Visual Studio 2005 Team Edition for (unmanaged) C++ Developers
If you're a C++ developer who writes mostly unmanaged C++ code, you may wonder what parts of Visual Studio 2005 Team Edition for Developers apply to you. It's a reasonable concern.
I did a little research and found an excellent post from Rob Caron that links out to dozens of C++ related Team System articles. But it's a little scattershot. A lot of the functionality is inherent to Visual Studio 2005-- not necessarily Team System.
Chris Idzerda (our CTO and a star C++ developer) and I sat down and worked through all the Developer functionality in C++ to figure out what parts of the Developer Edition are helpful for C++ developers. We quickly found that there's a huge divide between native C++ code and managed C++. You can still get many of the benefits of Team System in native C++, but you'll get the most benefit if you're using managed C++.
Here's what we found when we tried using the Team Edition for Developers functionality as an unmanaged code C++ developer:
- Unit tests
Unit testing works best for Managed C++ code. In fact, it works identically to unit testing for C# and VB.NET. However, if you're testing unmanaged C++ code, you can still benefit from VSTS unit testing. You have three options:
- Create a new managed C++ test project. After creating the project, in the project options, set the General, CLR from /clr:safe to /clr. You will not get auto-generated unit tests, but this will work.
- Write a managed C++ wrapper for your code. Then auto-generate the unit tests.
- Create a new test project in any language, then call your existing code using [DllImport] or COM interop.
We think the best options are #1 and #2. We have a sample C++ project in Visual Studio 2005 that demonstrates option #1. Note that this is not the only way to integrate managed C++ test code with unmanaged C++, but it worked OK for us. Check it out and see what you think.
- Code Coverage
The code coverage story is a bit strange for unmanaged C++ code. But it does work! We got it to work by following John Cunningham's series of posts (one, two) that explain exactly how to do it. We manually instrumented our executable, manually ran the tests, the results were automatically gathered, and we were able to manually double-click on the resulting *.coverage file and show source code highlighting. Very cool! Although a bit, er, manual..
- Code Analysis
Under the project properties, you'll notice both Static (General, Code Analysis) and Dynamic (General, Application Verifier) analysis options.
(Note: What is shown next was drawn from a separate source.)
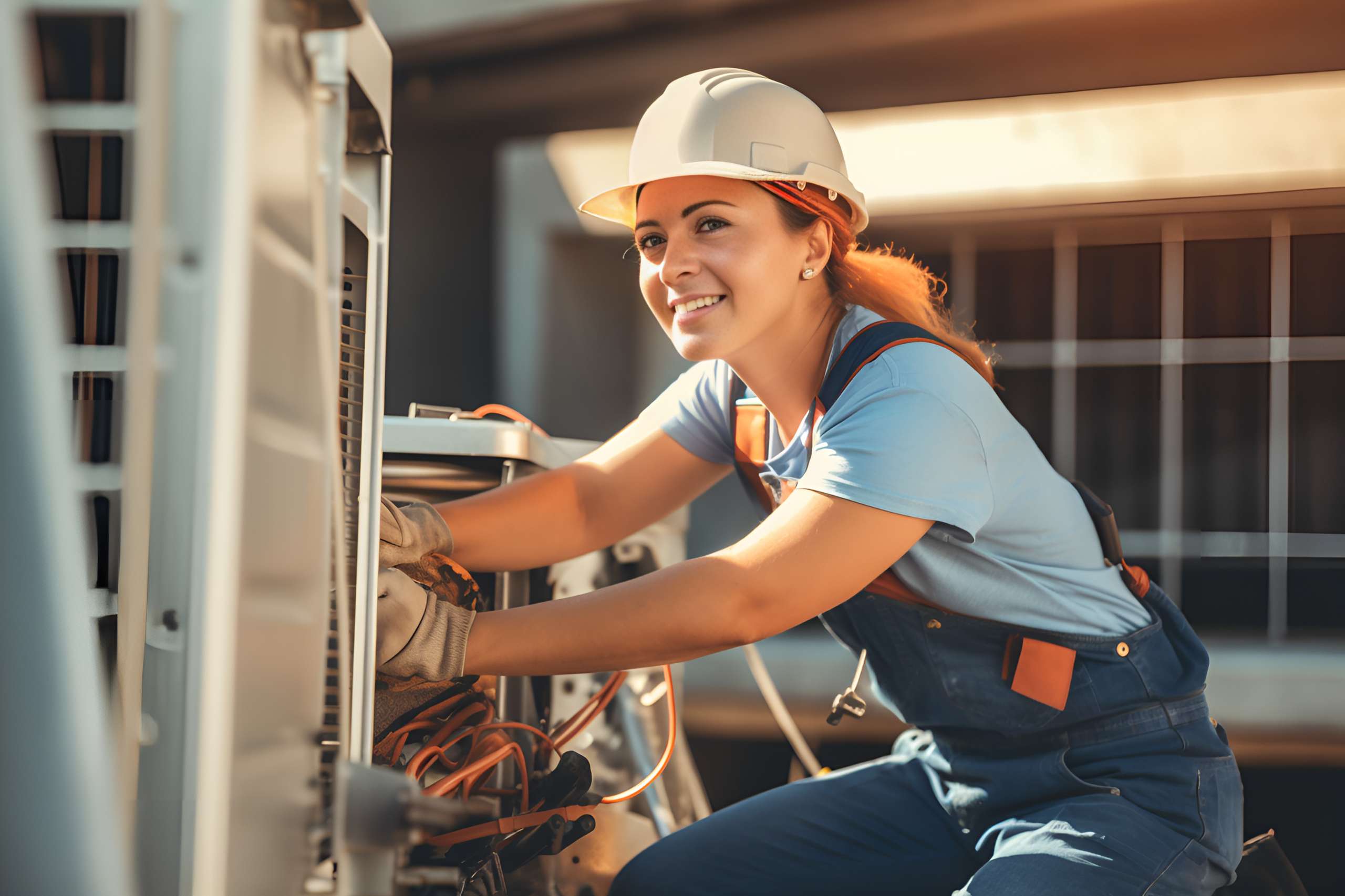 Young female mechanic HVAC engineer repairing air conditioner external unit outdoors.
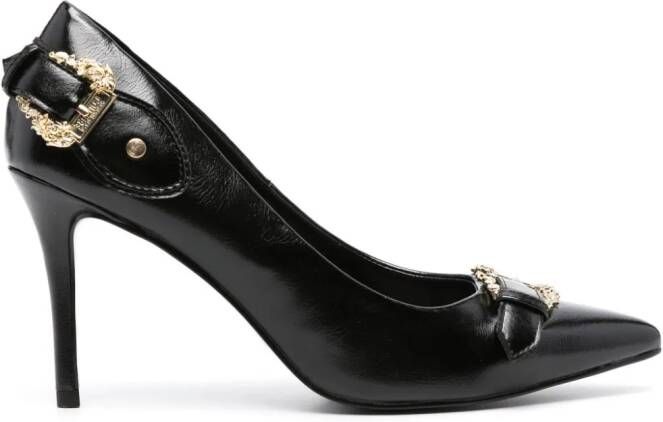 Versace Jeans Couture Stiletto pumps met barok gesp Zwart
It looks like the dynamic half of the analysis, Application Verifier, is enabled by default.
However, you'll need to flip the switches in the Code Analysis sections to enable static analysis warnings. As usual there's a big divide between managed and unmanaged C++ code here; the managed code gets the same comprehensive FxCop-style code analysis you've seen in VB.NET and C#. Unmanaged code can only use the "Enable Code Analysis for Managed Binaries" option. Here's a screenshot from MSDN of the warnings the unmanaged C++ code analysis.
- Code Profiler
The good news is that code profiling works nearly identically for unmanaged C++ as it does for C# and VB.NET. However, there is one limitation: only memory allocations for .NET objects can be tracked. If you're writing unmanaged C++ code, you probably aren't allocating any .NET objects. And even if you're writing managed C++ code, you may not be allocating many .NET objects. So keep that caveat in mind.
In general, most areas of Team Edition for Software Developers do work for C++ developers. They even get a few goodies that the rest of us don't, such as the Application Verifier. That said, there's a lot of subtle encouragement to switch to managed C++ development, too.